Cependant, si chez les enfants et les adolescents de nombreuses interventions sont possibles pour accroître une durée de sommeil qui ne cesse de se détériorer, le problème est différent chez les personnes âgées où troubles du sommeil et neuro-dégénérescence avec perte de plasticité cérébrale se renforcent mutuellement, créant un "cercle vicieux" difficile à rompre.
La nuit porte-t-elle vraiment conseil ?
Une étude récente par questionnaire nous apprend que 80 % des adultes ont recours au sommeil pour résoudre un problème et que 40% d'entre eux obtiennent régulièrement satisfaction. On sait de plus que dans le domaine de l’art comme dans celui des sciences de nombreuses créations ou découvertes ont vu le jour à la suite de rêves plus ou moins symboliques. Par exemple, le chimiste August Kékulé expliquait que sa découverte de la structure (cyclique) du benzène lui avait été inspirée, dans un "demi-sommeil", par le rêve d'un "serpent se mordant la queue".

Depuis 2004, de nombreuses expériences ont démontré que, comparé à l'éveil, le sommeil augmente fortement la probabilité d'accéder - au réveil - à la solution (insight) de différents problèmes (mathématiques, jeux vidéo, anagrammes et autres épreuves de créativité) ce qui, dans la plupart des cas, est attribué à l'abondance de sommeil profond mesuré. Pourtant, il a été récemment rapporté qu'une seule minute de stade hypnagogique (endormissement), riche en images mentales (voir Kékulé), suffisait pour quasiment tripler la probabilité d'un insight mathématique.

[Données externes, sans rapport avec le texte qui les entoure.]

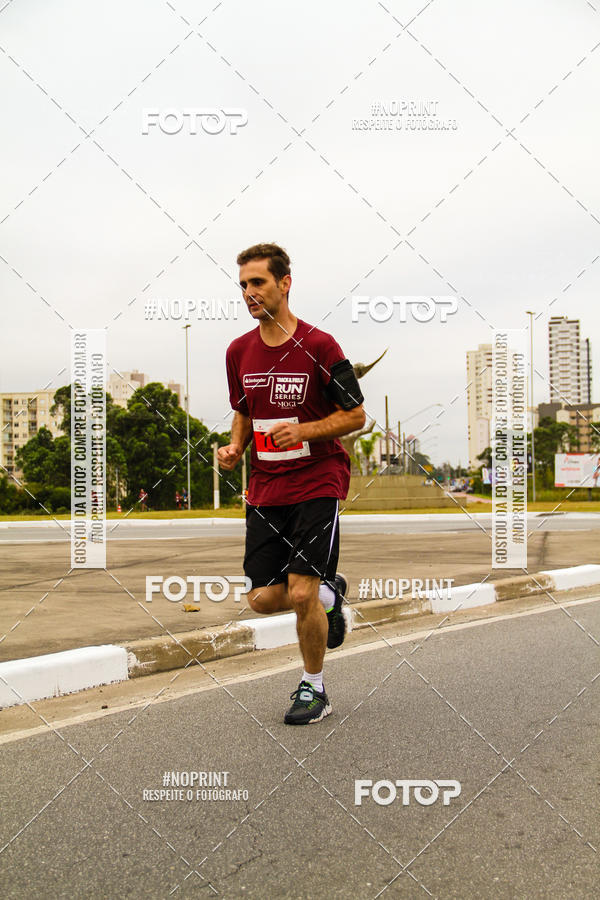 Achetez vos photos de l'vnementSANTANDER TRACK&FIELD RUN SERIES Mogi Shopping sur Fotop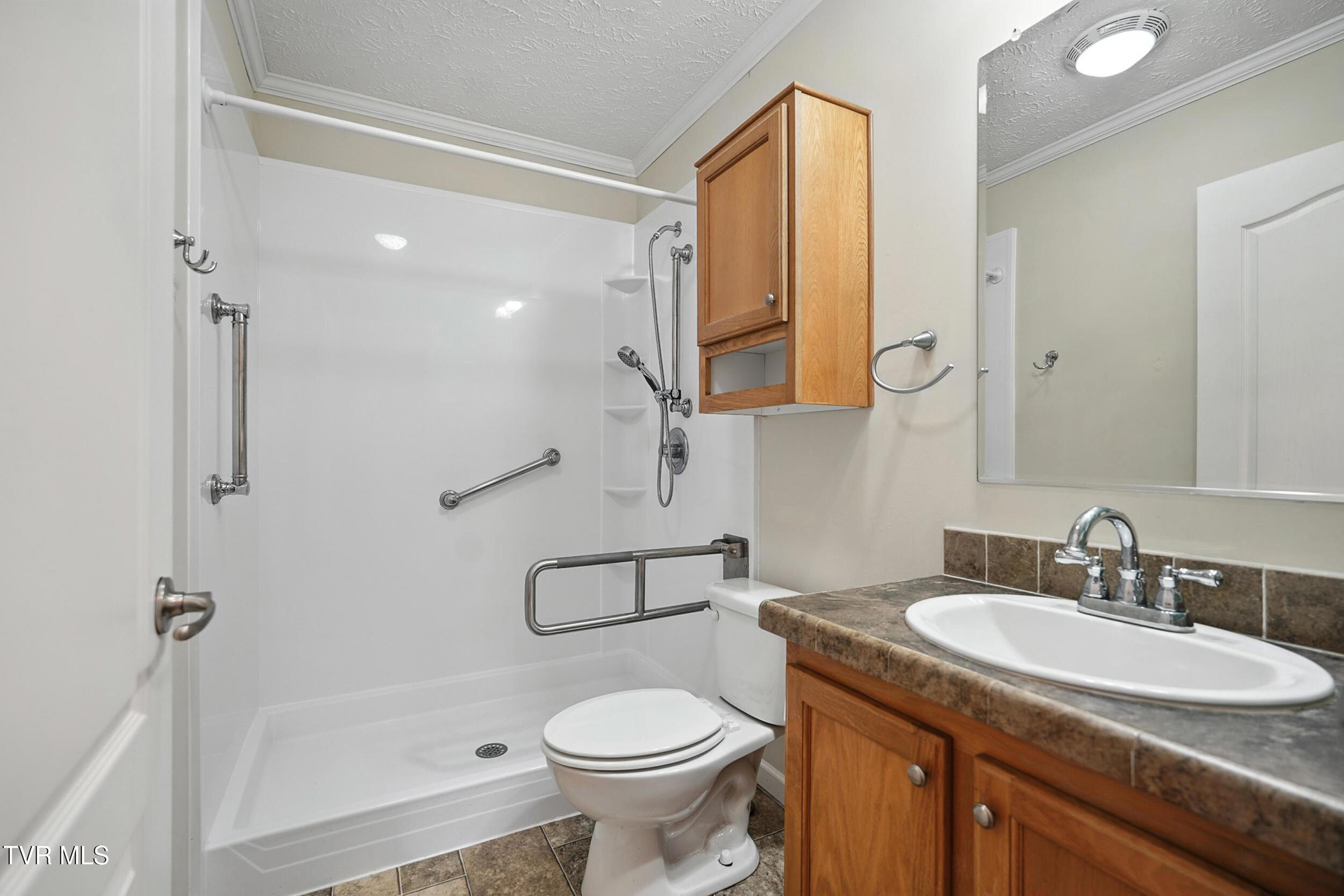 205 Clyde Miller Drive Property Photo 22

On doit cependant remarquer que, dans de multiples circonstances autres que l'insight, le sommeil (notamment profond) reste essentiel pour restructurer notre mémoire (du passé) afin de la rendre plus efficiente dans le futur. Par exemple, une nuit de sommeil nous permet de "découvrir" les causes (explicites) d'un comportement appris et exprimé jusqu'alors de façon automatique (implicite), aptitude pour laquelle les enfants "surclassent" largement les adultes grâce à une plus grande abondance de leur sommeil profond. En outre, le sommeil augmente nos capacités d'inférence (de déduction), améliore notre mémoire prospective (mémoire des "choses à faire") et, plus important encore, facilite l'intégration de nos acquis récents à nos connaissances préexistantes (assimilation).